--- Work request ---
Give again, word for word, every line below from the one that has "SET JARRONES TRIANGULAR 3 PZAS" through the one that has "ミィ 表参道(mee.) 【mee.】ヤジマ　ピンクベージュ　丸みショート", both included, and no others.

#### Records for this exercise ####

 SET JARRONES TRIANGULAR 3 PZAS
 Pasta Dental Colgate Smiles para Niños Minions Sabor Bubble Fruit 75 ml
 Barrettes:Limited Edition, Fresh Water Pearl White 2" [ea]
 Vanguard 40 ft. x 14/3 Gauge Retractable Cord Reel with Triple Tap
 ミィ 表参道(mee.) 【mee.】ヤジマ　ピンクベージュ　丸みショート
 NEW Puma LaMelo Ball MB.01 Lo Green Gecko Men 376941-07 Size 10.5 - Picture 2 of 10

####
#### Records for this exercise ####

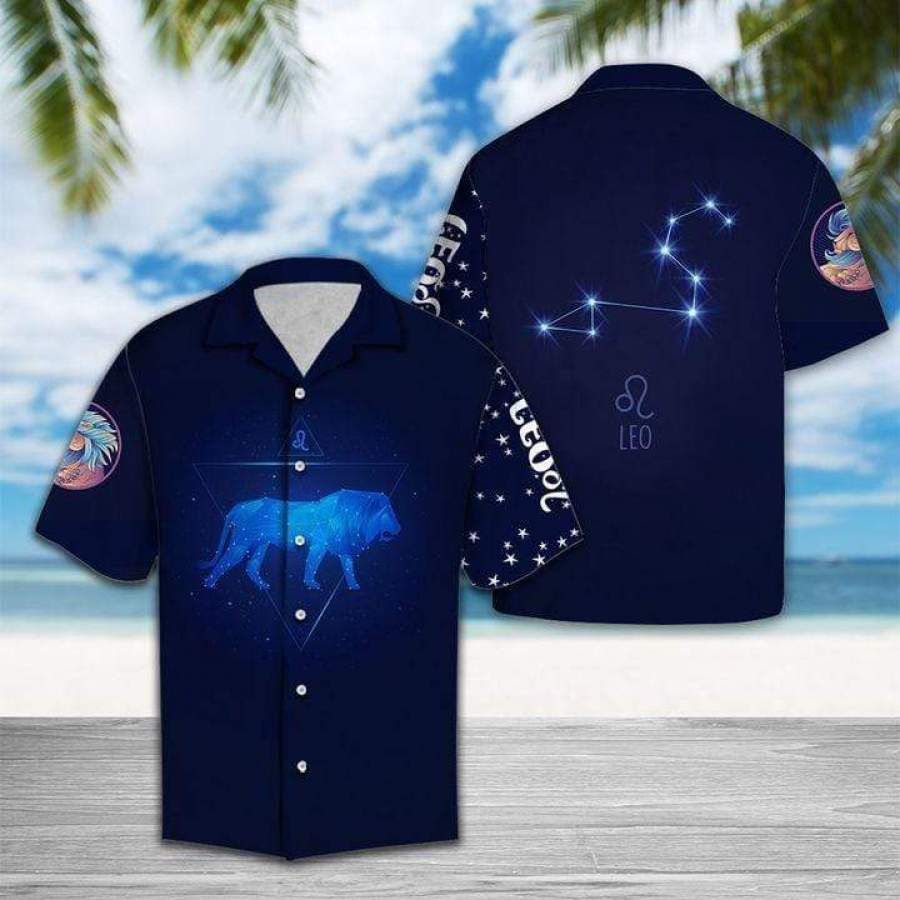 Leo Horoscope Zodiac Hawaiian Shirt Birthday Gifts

####
#### Records for this exercise ####

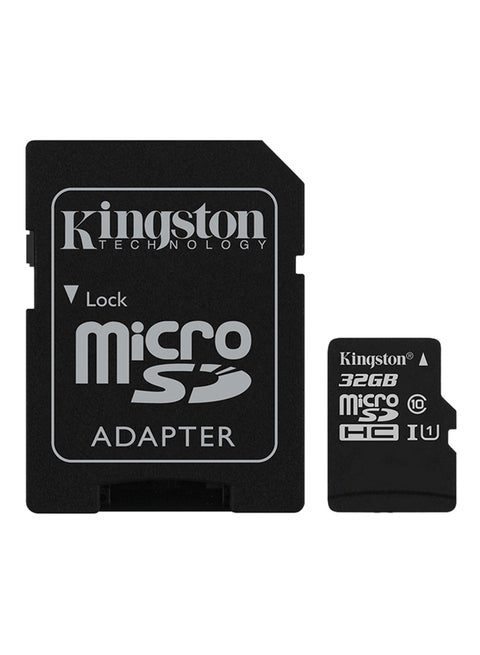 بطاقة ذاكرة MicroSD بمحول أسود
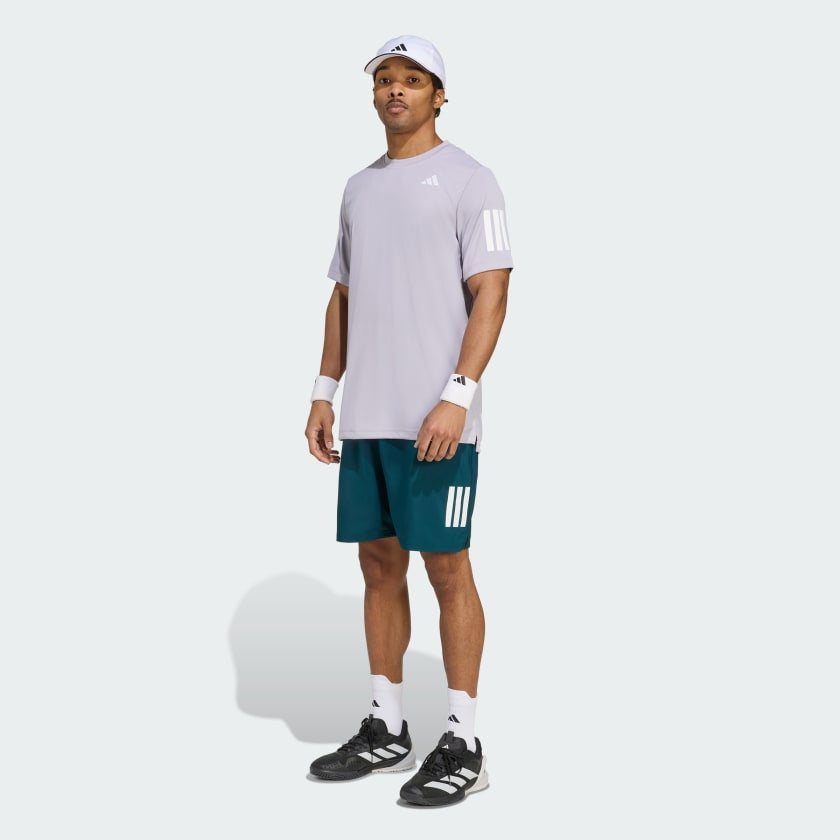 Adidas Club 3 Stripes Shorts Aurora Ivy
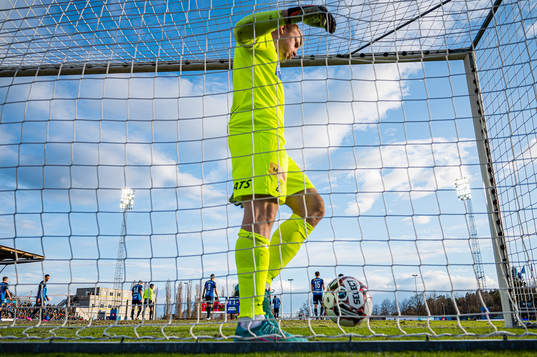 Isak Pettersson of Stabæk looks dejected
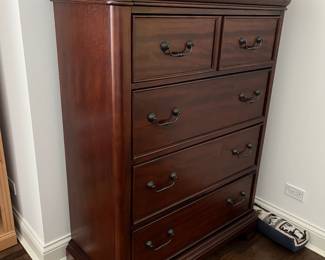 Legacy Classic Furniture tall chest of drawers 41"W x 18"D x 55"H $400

####

--- Exercise solution ---
 SET JARRONES TRIANGULAR 3 PZAS
 Pasta Dental Colgate Smiles para Niños Minions Sabor Bubble Fruit 75 ml
 Barrettes:Limited Edition, Fresh Water Pearl White 2" [ea]
 Vanguard 40 ft. x 14/3 Gauge Retractable Cord Reel with Triple Tap
 ミィ 表参道(mee.) 【mee.】ヤジマ　ピンクベージュ　丸みショート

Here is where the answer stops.